Aku dan Demon menghilang dari pandangan. Kembali ke dimensi dimana aku melihat Demon dengan wujud aslinya, yang bertanduk dan bertaring mengkilat. Kubiarkan si tampan ini memuaskan hasratnya pada tubuhku. Kenikmatan demi kenikmatan dialirkannya ke tubuhku yang telanjang dan kupasrahkan padanya. Kubiarkan kenikmatan membawaku melayang-layang hingga akhirnya semua kembali normal.

Aku sudah berada di ruang kerja pribadiku, dengan tubuh terbalut kain abu-abu tipis yang menampakkan liku-liku indahnya. Kamar kerjaku kali ini kedatangan dua tamu istimewa, kedua temanku Death dan Demon. Keduanya sedang tidak bertugas, karena bumi memasuki bulan suci yang membiarkan manusia bertindak menurut instingnya sendiri, tanpa pengaruh dari iblis, dan kematian pun akan terjadi secara alami, hingga Death tinggal mengusung jiwa-jiwa yang melayang tanpa harus memisahkannya dengan raga. Demon tampak dengan gagahnya berdiri tegak di depan cermin, mengusap tanduknya yang berkilauan, dadanya yang berotot dan berambut tebal membusung tegap. Death duduk di kursi malas di tengah ruangan, jemari belulangnya memainkan tangkai sabit panjang tercintanya.

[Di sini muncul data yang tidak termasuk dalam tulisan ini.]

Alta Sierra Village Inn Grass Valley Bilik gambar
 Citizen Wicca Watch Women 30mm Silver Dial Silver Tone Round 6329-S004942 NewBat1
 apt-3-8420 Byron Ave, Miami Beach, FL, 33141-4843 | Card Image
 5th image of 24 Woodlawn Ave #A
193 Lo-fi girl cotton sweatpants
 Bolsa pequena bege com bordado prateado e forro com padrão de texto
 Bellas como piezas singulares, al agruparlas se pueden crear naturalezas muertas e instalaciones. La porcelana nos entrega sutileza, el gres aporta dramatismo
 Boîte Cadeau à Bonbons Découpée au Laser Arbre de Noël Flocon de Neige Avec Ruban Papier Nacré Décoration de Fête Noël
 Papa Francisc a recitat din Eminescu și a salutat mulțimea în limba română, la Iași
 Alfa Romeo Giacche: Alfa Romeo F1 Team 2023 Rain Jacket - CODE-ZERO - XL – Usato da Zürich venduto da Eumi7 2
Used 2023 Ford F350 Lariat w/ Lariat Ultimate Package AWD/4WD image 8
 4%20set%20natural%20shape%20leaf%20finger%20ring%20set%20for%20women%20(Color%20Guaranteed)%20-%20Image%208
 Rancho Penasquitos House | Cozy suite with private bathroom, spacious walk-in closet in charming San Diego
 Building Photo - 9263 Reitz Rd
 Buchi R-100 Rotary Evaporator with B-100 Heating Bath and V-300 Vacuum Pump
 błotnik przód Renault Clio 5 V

"Demon.." ujar Death memecah kesunyian, "Sebenarnya apa sih perjanjianmu dengan wanita itu?""Yah.." Demon berkata datar, tanpa menunjukkan pesonanya, "Seperti yang kamu dengar tadi, tiga nyawa orang yang dicintainya, dan penghinaan pada kehormatannya, ditukar dengan seluruh kekayaan orang tuanya."
"Bukankah itu tidak mungkin?" bantahku, "Bagaimana ia bisa menghilangkan nyawa orang yang dicintainya dengan sengaja?"
"Hihihi.. lugu sekali kamu bidadari manis!" ujar Demon geli, "Itu mungkin saja terjadi kalau ia membiarkan Death mengambil nyawa ibu dan ayahnya tanpa harus diatur sendiri olehnya."
"Yah, kamu curang dong?" ujar Death sambil berbaring-baring malas, "Kamu memasukkan hawa membunuh ke jiwanya kan?"
"Enak aja!" seru Demon tidak terima, "Meski iblis, aku memegang janji. Hawa membunuh itu bukan berasal dari aku, tapi berasal dari dalam hatinya sendiri. Yang tidak sabar menunggu kita bekerja sama untuk mencabut nyawa orang-orang yang dicintainya."

"Yah.." aku menghela nafas, "Berarti Demon tidak terlalu sering menyutradarai berbagai kejadian di sana. Itu muncul dari hati manusia sendiri."
"Kamu benar." ujar Demon sambil mendorong Death agak ke samping agar ia bisa ikut duduk di kursi malas panjang itu, "Kadang-kadang aku bingung, untuk apa orang seperti Cindy mengadakan perjanjian denganku. Kalau mereka bisa melakukannya sendiri dengan versi yang lebih jahat."
Kami semua terdiam, lalu mengalihkan pembicaraan ke topik lain, bercanda-canda menikmati liburan selama sebulan ini, sambil sesekali menghangatkan tubuh satu sama lain. Ah, lega rasanya mendapatkan libur sebentar, setelah lama dibingungkan dengan urusan-urusan manusia yang kompleks. Dalam hati aku makin mengagumi Dia yang menciptakan ini semua.